Failing that, the courts will rule whether the Blues will cease to exist on Monday.

Yet, as the fans have so emphatically insisted, this club will never die.

Pompey’s future may have been wrestled out of their hands and passed into the grasp of High Court judges.

This is no final chapter, though.

‘We will never die’ chorused Fratton Park during the second half against Ipswich last night.

What’s more, it was repeated and encored for up to 50 minutes after the final whistle, as more than 1,000 fans stayed behind in the Fratton end to make their feelings known.

A typically defiant message from these fans who continue to suffer, yet refuse to throw in the towel and slope away.

It mattered not that their team produced a desperately-disappointing performance against the Tractor Boys.

Michael Appleton’s men were well below-par, wearing the look of an exhausted side facing one game too many.

Conceivably, the constant off-the-field woes may have also finally intruded on their mind-set.

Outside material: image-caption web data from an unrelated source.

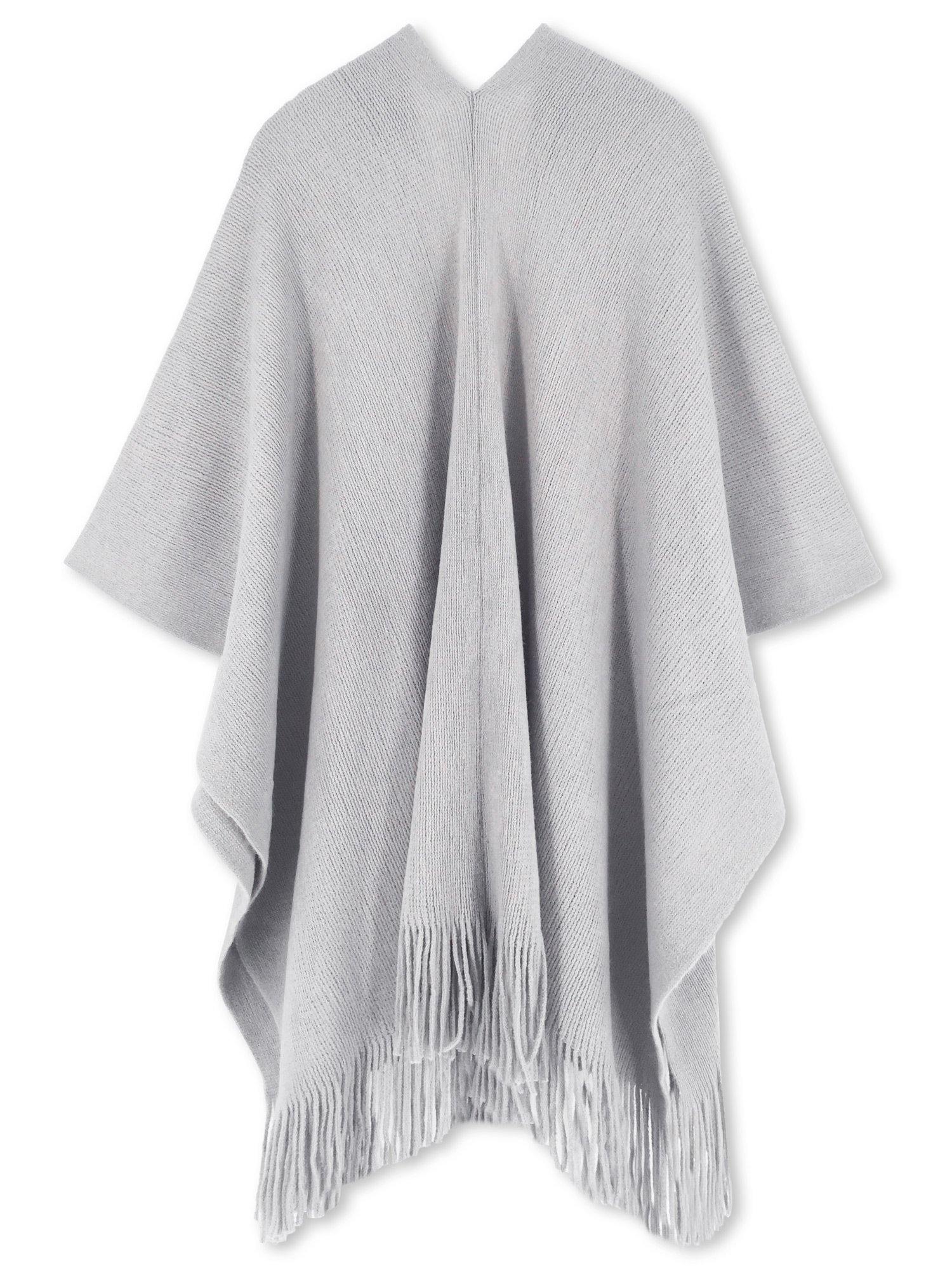 Studded Detail Fringe Knit Wrap - Shopmossrose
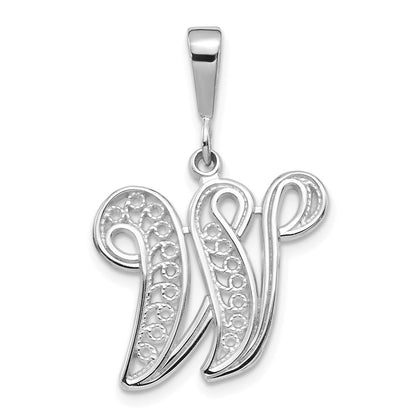14k White Gold Solid Polished Script Filigree Letter W Initial Pendant for Women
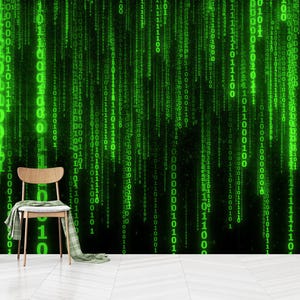 Könnte beinhalten: Ein digitaler Kunstdruck mit einem grünen Matrix-Code-Muster auf schwarzem Hintergrund. Der Code scheint auf dem Bildschirm nach unten zu fallen und erzeugt so ein Gefühl von Bewegung und Energie.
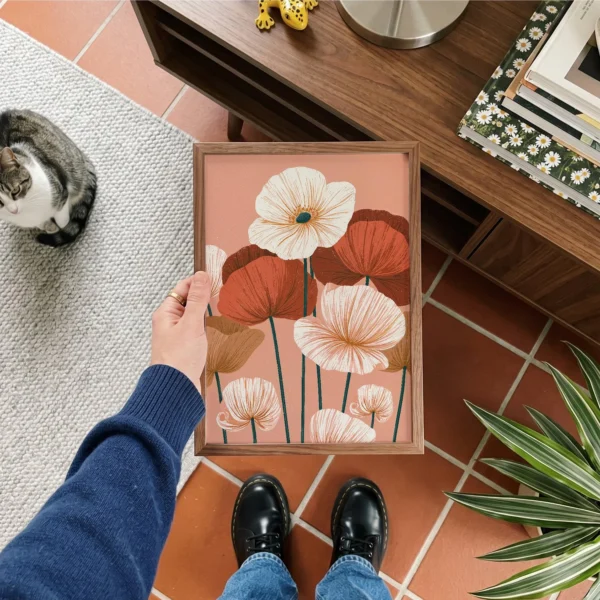 Mid Century Botanical Print, Coral Poppy Wall Art, Retro Floral Decor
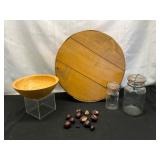 Wood Bowl, Cheese Box, Glass Jars Lot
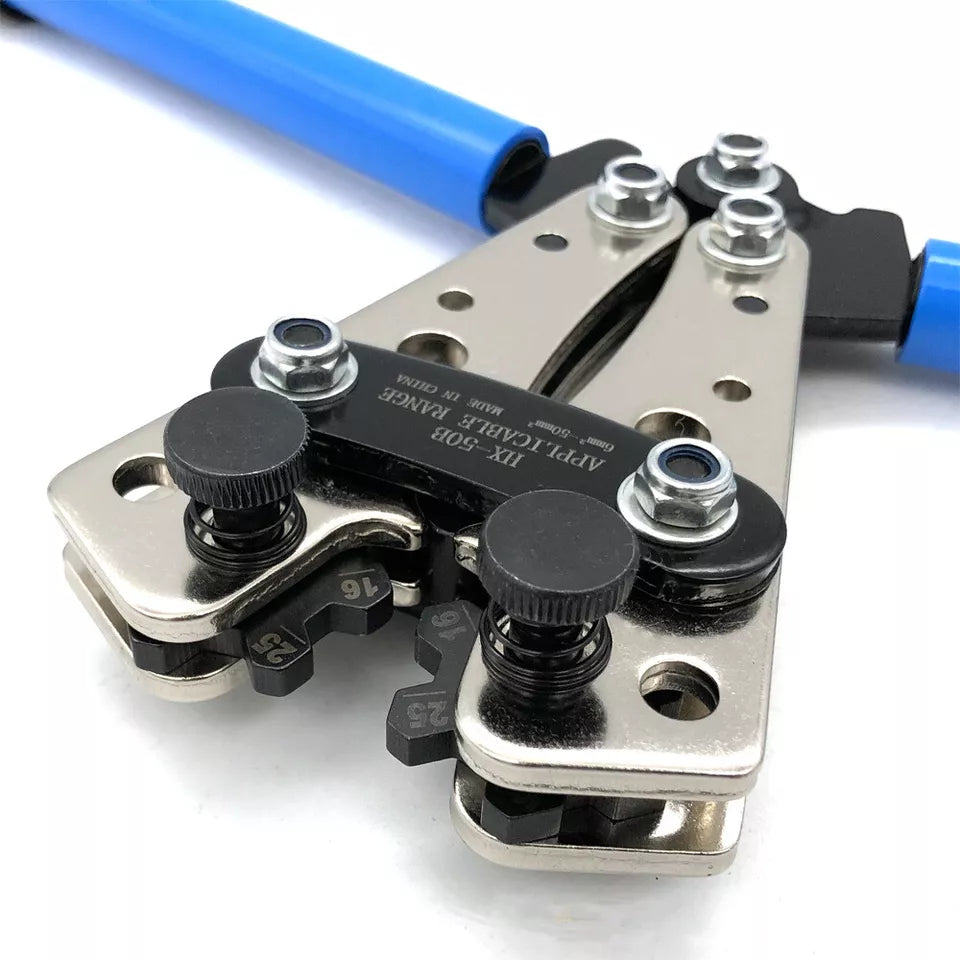 6-50mm² Plug Crimp Tool Wire Crimper Battery Terminal Electric Cable Lug Cutter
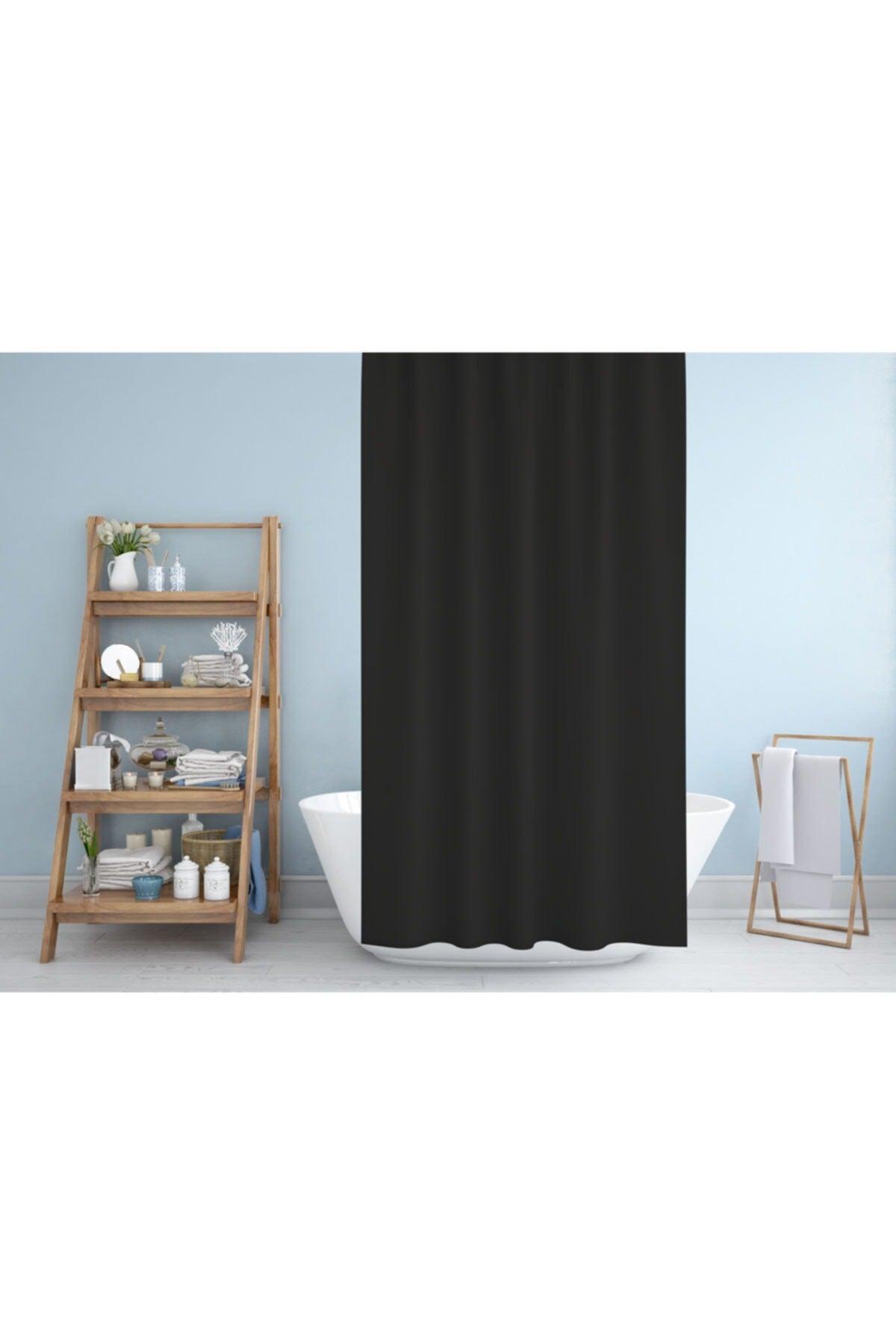 Polyester Fabric Black Color Bathroom Curtain Domestic Production Shower Curtain - Swordslife
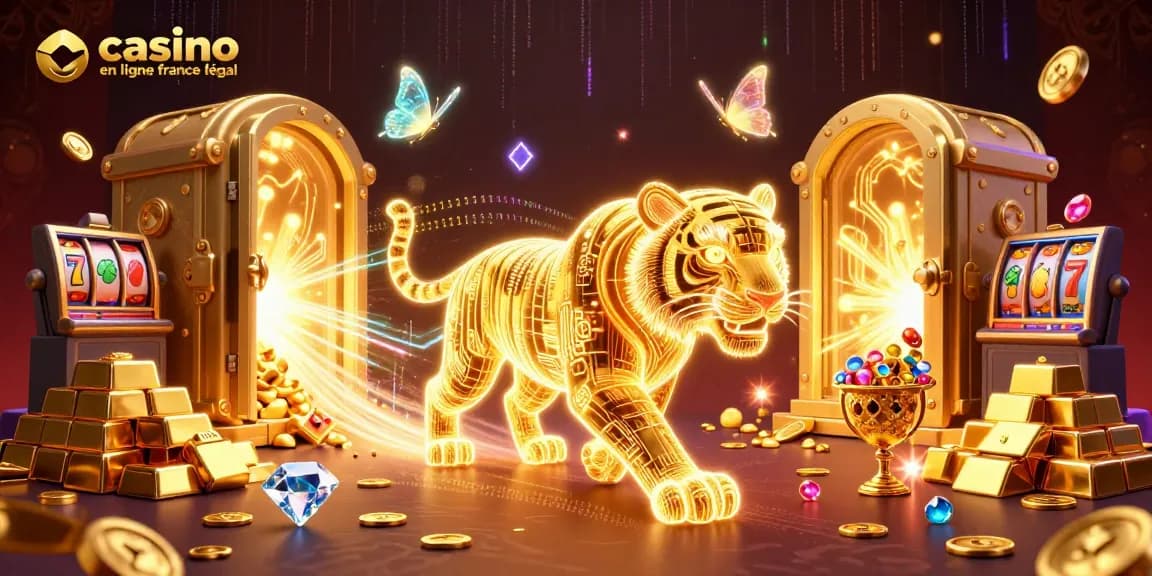 Une illustration de casino en ligne France légal avec un tigre en lumière et des symboles de machines à sous.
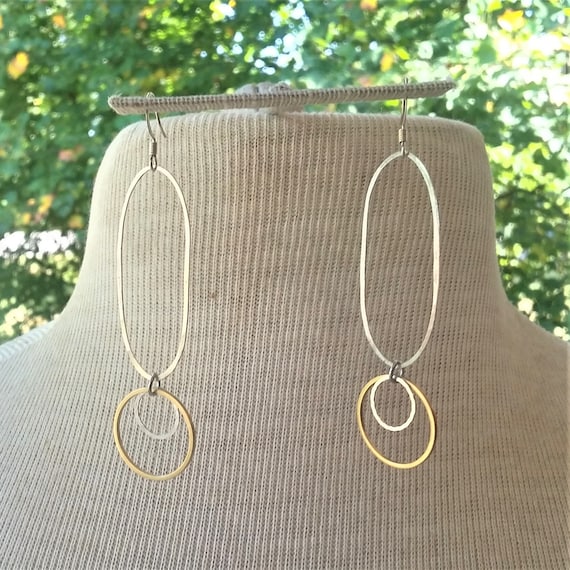 Simple Silver & Brass earrings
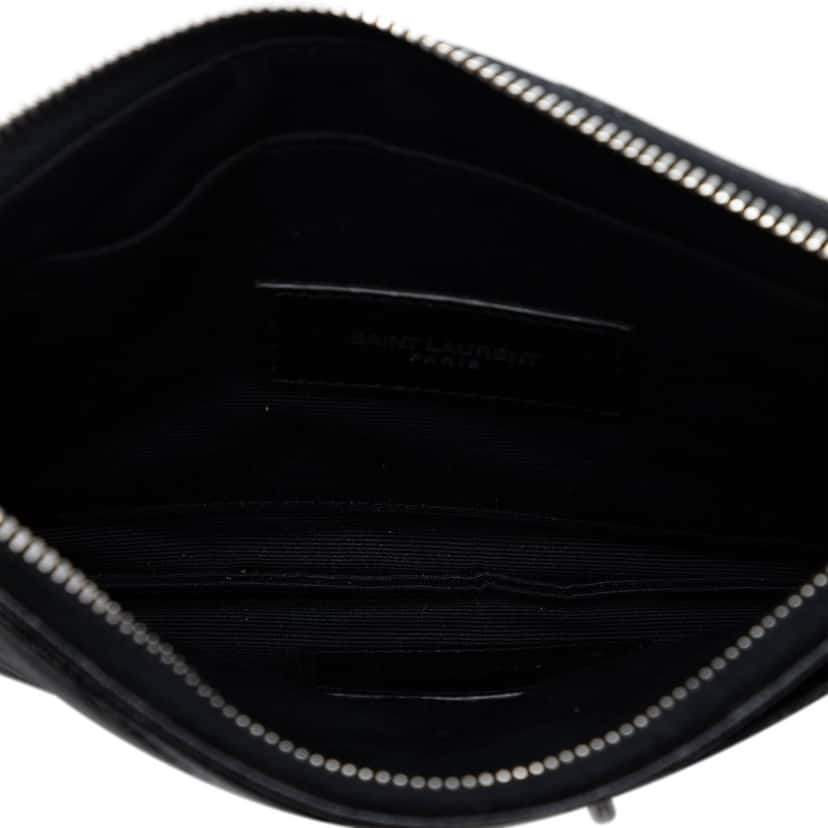 Saint Laurent Grain De Poudre Chevron Monogram Bill Pouch Black Leather Very good condition - Model View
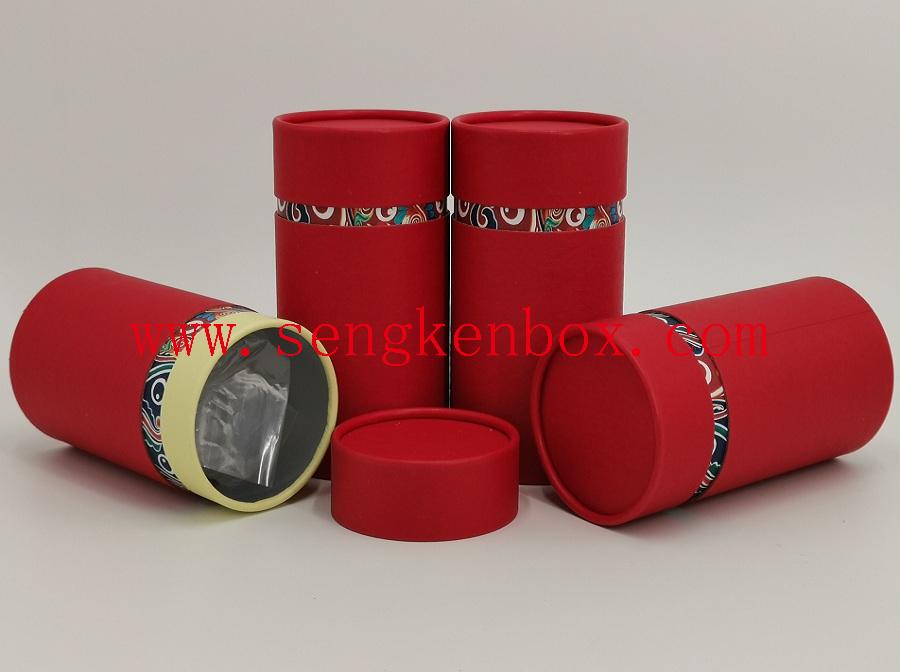 Red Kraft Paper Cardboard Canister For Christmas Gift Packaging Red Kraft Paper Cardboard Canister For Christmas Gift Packaging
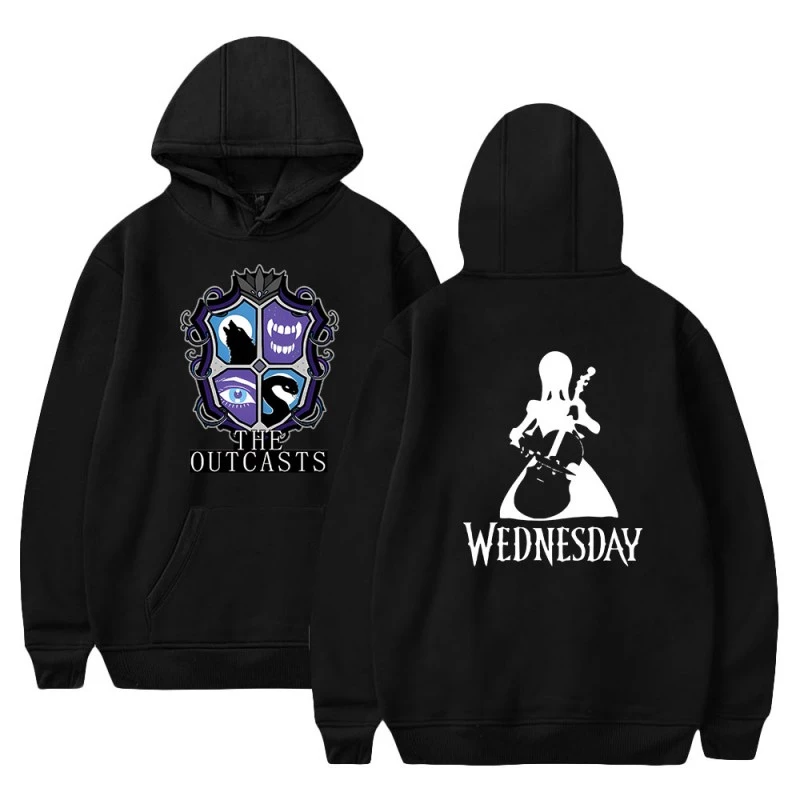 Wednesday Addams Hoodies Outcasts 2D Print Swearshirts Unisex 1 Wednesday Addams Hoodies Outcasts 2D Print Swearshirts Unisex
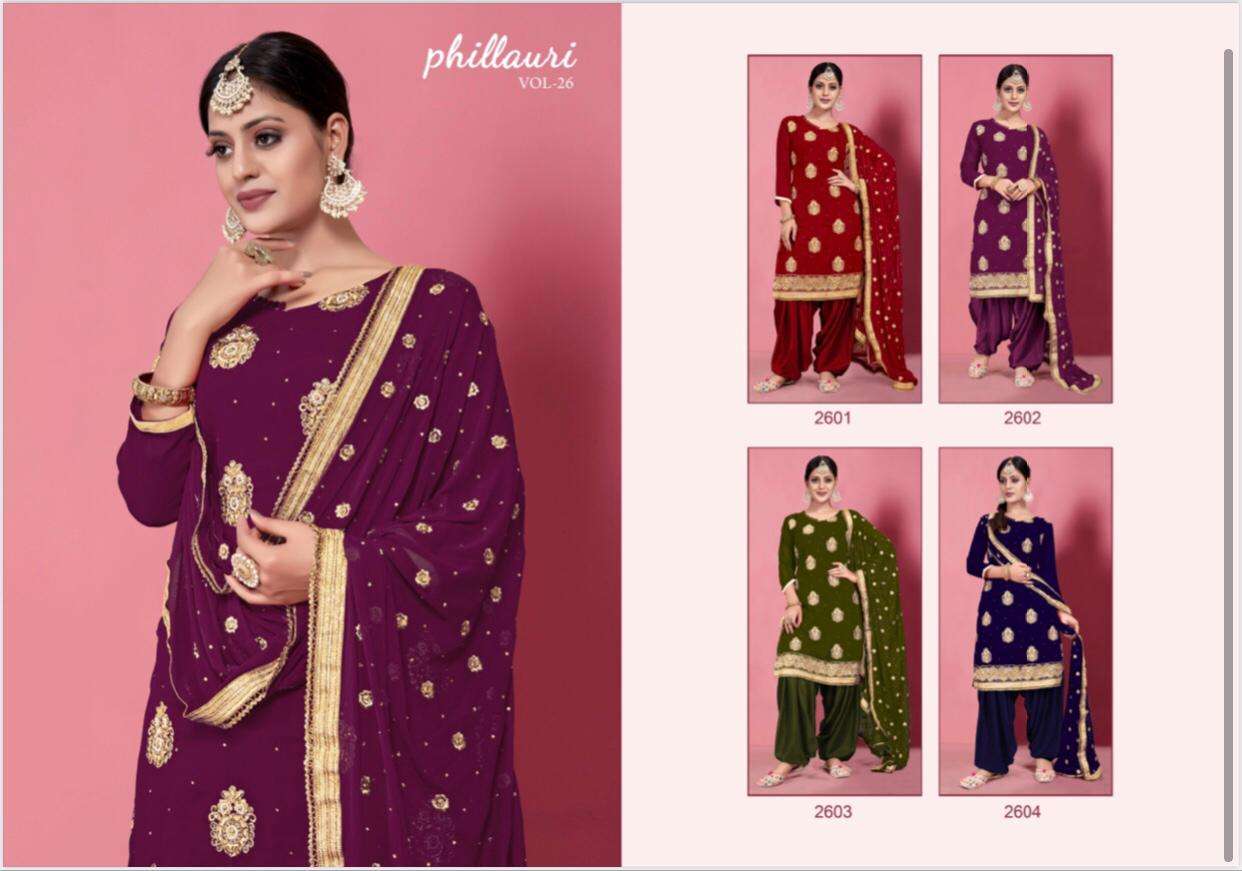 PHILLAURI VOL-26 BY PHILLAURI 2601 TO 2604 SERIES BEAUTIFUL PATIYALA SUITS STYLISH FANCY COLORFUL CASUAL WEAR & ETHNIC WEAR HEAVY GEORGETTE WITH EMBROIDERED DRESSES AT WHOLESALE PRICE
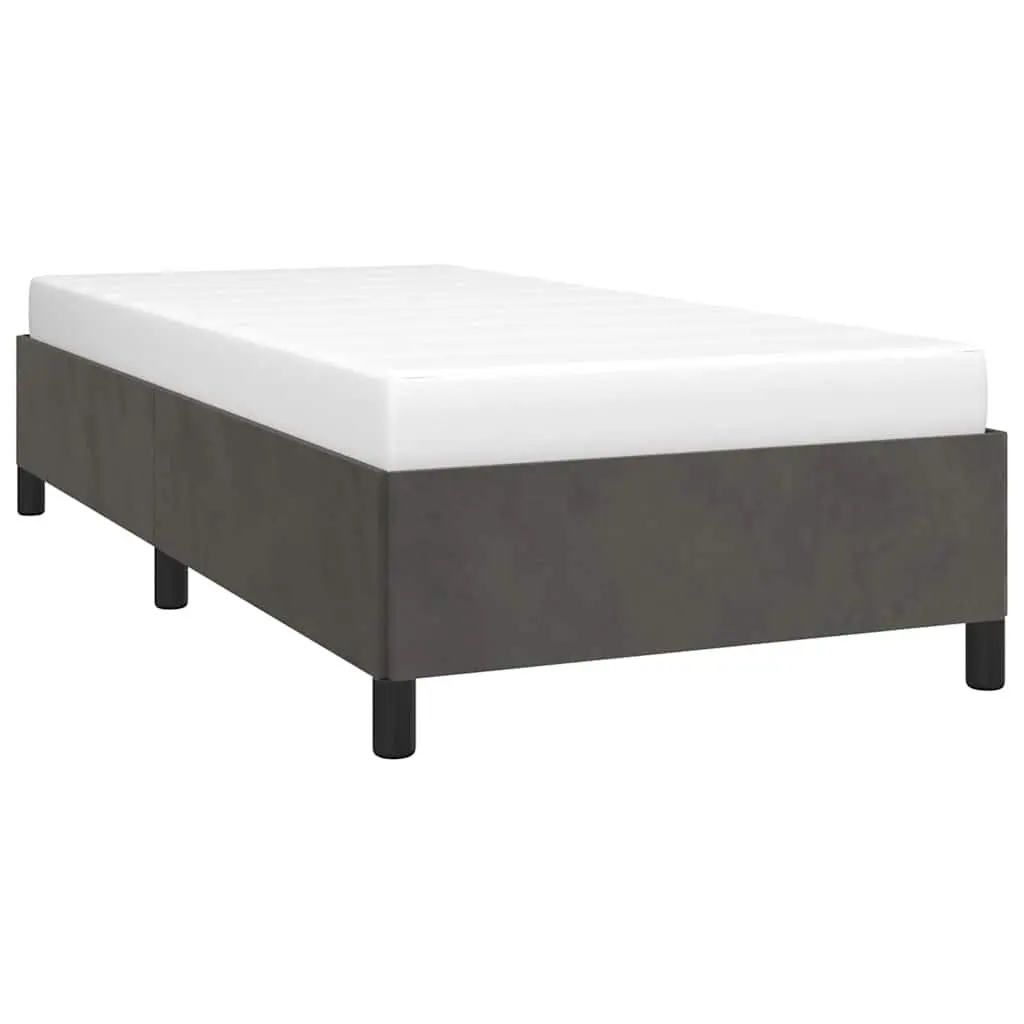 King Single Bed Frame Grey Velvet Upholstered Bedroom Furniture Support Legs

It has certainly been admirable how they have ploughed on regardless of wage issues, squad size and now administration.

For the Pack the Park campaign last night, 14,330 attended Fratton Park.

Many stayed behind for a peaceful sit-in, demonstrating against the latest mismanagement which has left their club on the brink.

Earlier in the night, the players demonstrated their support for the fans by donning white 12th Man T-shirts during their pre-match warm-up.

Meanwhile, watching from the directors’ box were David Lampitt and financial director John Redgate.

The positions of both will surely come under most scrutiny should administration be approved and administrator Andrew Andronikou waltz back into town.

If this was indeed their final match in charge, it wasn’t a happy one, with Ipswich comfortable winners in all but scoreline.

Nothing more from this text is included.